Two grainy videos showing the moments leading up to the death of Usaamah Rahim don't appear to support earlier claims that the man under FBI surveillance was shot in the back in a Boston parking lot.
The videos, released by Boston authorities, show Rahim, a private security officer accused of plotting to behead law enforcement personnel, walking across the parking lot to a bus stop seconds before authorities approach, police said.
At least five officers are seen surrounding Rahim, who seems to walk toward them at one point. As the incident appears to escalate, a yellow car parked nearby is seen driving off. Shortly after, Rahim appears to double over and falls to the ground.
Police said they opened fire when Rahim lunged at them with a knife. But the videos, shot from surveillance cameras at a Burger King about 50 yards away, do not clearly show the large knife police have described Rahim as wielding in the moments before he was shot.
Initially, Rahim's family disputed the police version of events, and his brother, Imam Ibrahim Rahim, said that his sibling had been shot in the back.
Suffolk County Dist. Atty. Daniel F. Conley, who released the video, said that he was doing so to help "tamp down rumors and bad information," and that he had not yet made a legal determination in the officers' use of force.
But Boston Police Commissioner William B. Evans said the video "speaks for itself" and praised law enforcement officials, saying they "averted a serious tragedy that day."
"It was either us or them, and thank God none of us were hurt," said Evans, who added that Rahim was within "striking distance" of officers and was given "many chances" to put down his weapon.
Rahim and his nephew, David Wright, 24, had been under law enforcement surveillance for at least several days, police said, and had allegedly discussed Rahim's plan to attack officers.
According to a complaint filed against Wright, authorities intercepted a call Tuesday between Wright and Rahim hours before the shooting in which Rahim said, "I'm just going to … go after them, those boys in blue," a reference to police officers, "cause … it's the easiest target."

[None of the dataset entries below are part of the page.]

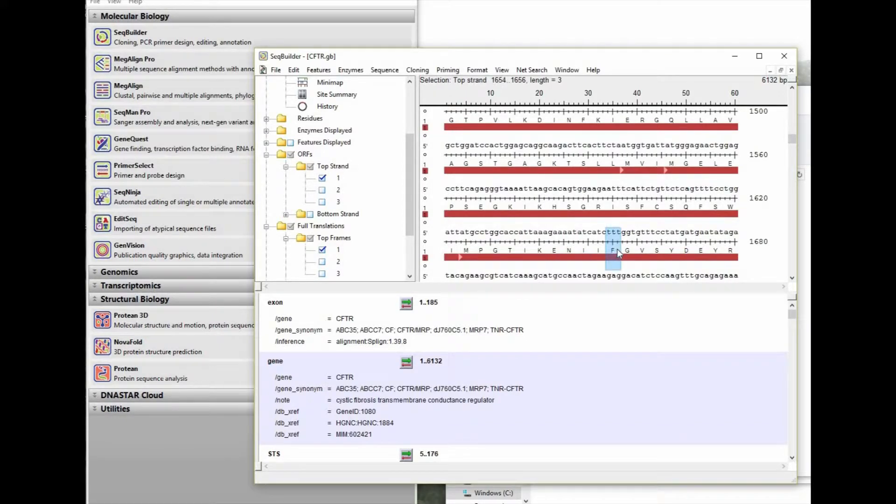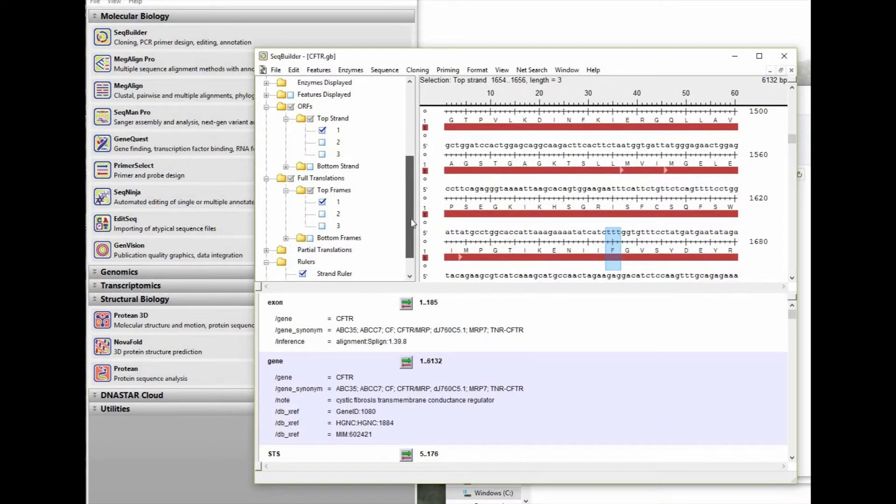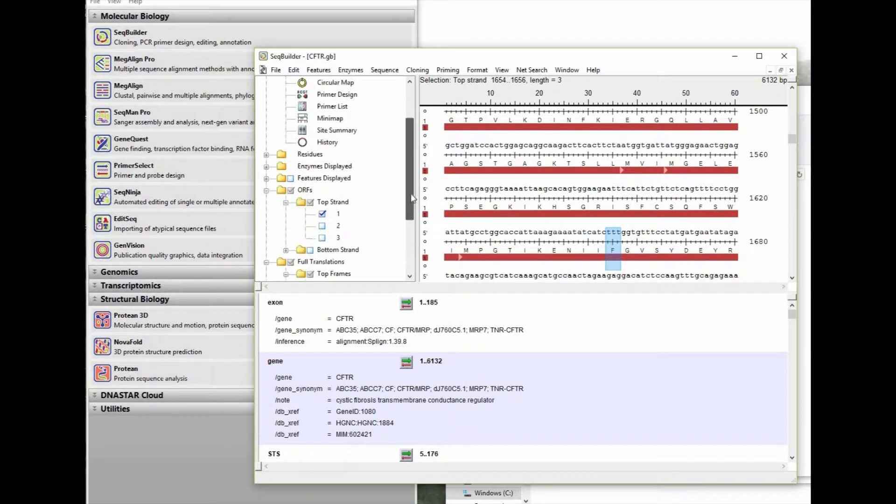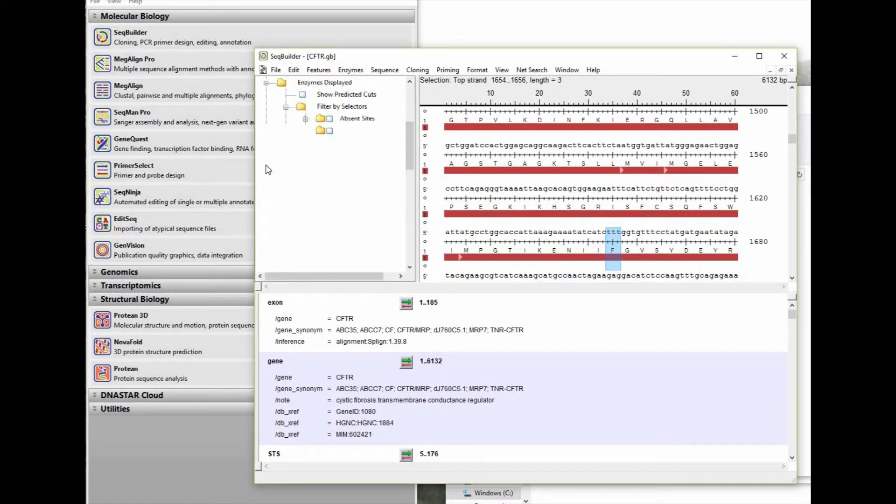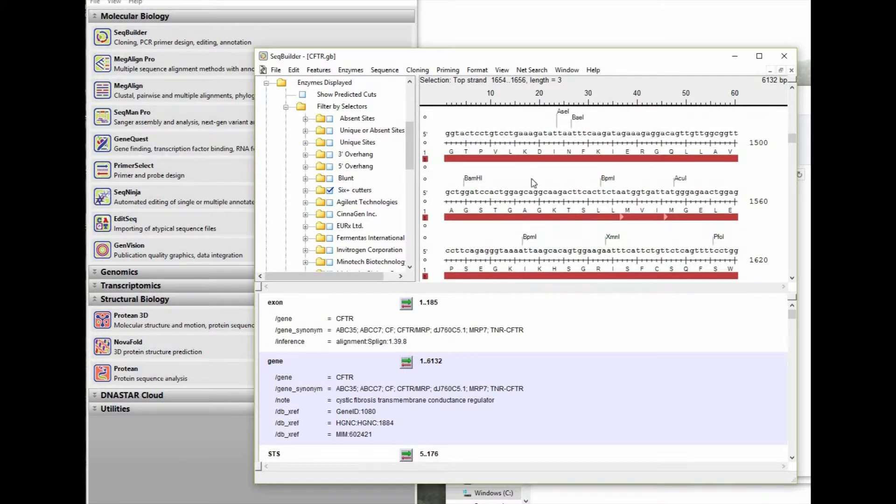We've also identified some of the neighboring sequence so that we can quickly find the positions that encode the del 508 site. So as we scroll down, we start to find the right neighborhood, and here we find the phenylalanine at position 508. So now we're going to add to our display restriction enzymes that target sites of six or more base pairs.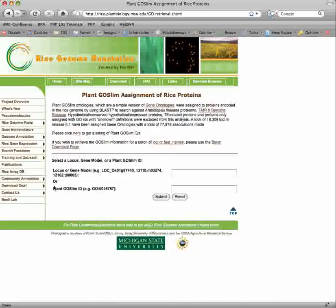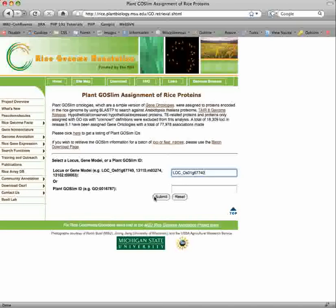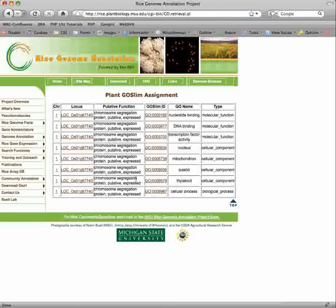We have annotated our loci with gene ontologies, specifically the plant GO slim, which are a higher level of annotation. You can find the GO slim annotation associated with a gene model or locus by inputting the locus or feature name. The output is the chromosome, locus ID, and putative function of the locus, along with the GO slim ID.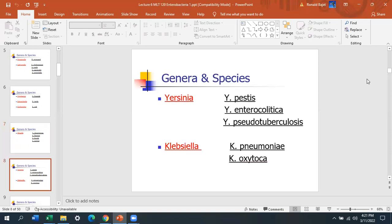The third pathogen is Yersinia. You've heard of the plague — Yersinia pestis is the organism for the plague. There's also Yersinia enterocolitica and Yersinia pseudotuberculosis. All of them cause disease, but the main pathogen is Yersinia pestis.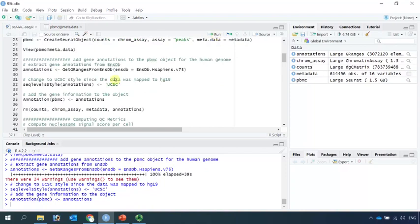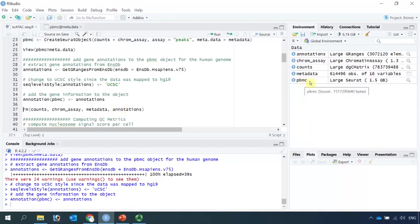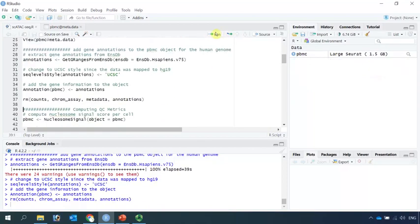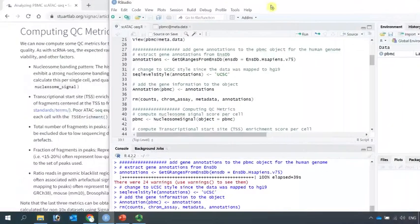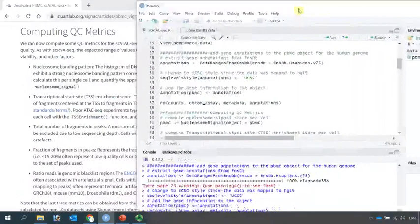We don't need the counts, chromatin assay, metadata and annotations anymore. We just need to keep the PBMC Seurat object for the rest analysis. We can remove those data. Now we have our PBMC Seurat object. We can perform the quality control analysis.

After the call, authorities said, Rahim left his house and headed toward a bus stop near a CVS pharmacy. When officials with Boston police and the FBI approached him without guns drawn, police said, Rahim pulled out a large knife "unprovoked" and ignored commands to drop it before being shot to death.
Wright has been charged with conspiring to destroy evidence after officials said he told Rahim to destroy his phone.
The FBI and district attorney's office are conducting two use-of-force investigations related to the incident, officials said.